If It's Wednesday This Must Be Vermont
Anyway, they say (or they should, since I'm not sure they do) that you aren't having a good enough time in the field if you don't bark a shin, pull a few muscles and step in something you didn't mean to. Also if you don't find a righteous roadstand. Check, check, check and check. And then you need to talk about it over dinner. That's coming up in a bit.
Vermont was very cloudy today, with intermittent rain. That's no problem, but I felt that even though I was getting to know it in one sense, Vermont was not ready to unveil itself to me in full today. But Vermont is still beautiful.


Comments
As a former Vermont geologist, I want to know - where did you go? If I were to choose five or six places to visit in Vermont, they would be… hmmm. 1) The Champlain Thrust north of Burlington, though it requires permission from the Episcopal Church or a boat. 2) The Ordovician reef from Isle La Motte. 3) Rolf Stanley’s “I-beam” outcrop, some small-scale duplexed thrusts in limestone, in a roadcut on the way to the Isle La Motte quarries. 4) The fold in the Taconics that Ron took a gigapan image. 5) One of the “verde antique marble” (= serpentinite) quarries, to represent the oceanic material that ran over Vermont during the Taconian orogeny. And 6) probably the big roadcut of Gassetts Schist, because it’s a sparkly rock, and if you’re in metamorphic rocks, you need some sparkle.

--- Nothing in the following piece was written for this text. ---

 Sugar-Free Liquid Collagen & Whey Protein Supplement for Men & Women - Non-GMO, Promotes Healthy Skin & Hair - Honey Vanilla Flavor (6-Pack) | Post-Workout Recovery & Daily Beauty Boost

Would love to see pictures when you get the time.
Kim, I didn’t see any of those things, just some roadcuts and stuff. Probably the coolest for a geologist was the serpentinite exposure near East Dover. But I saw so much you can’t photograph, like the lay of the land, how it changes as the bedrock changes. Two things made me say “wow” as I drove, the right turn on Route 4 east of Killington as the road enters a narrow U-shaped valley, and seeing Quechee Gorge as I crossed the bridge near White River Junction.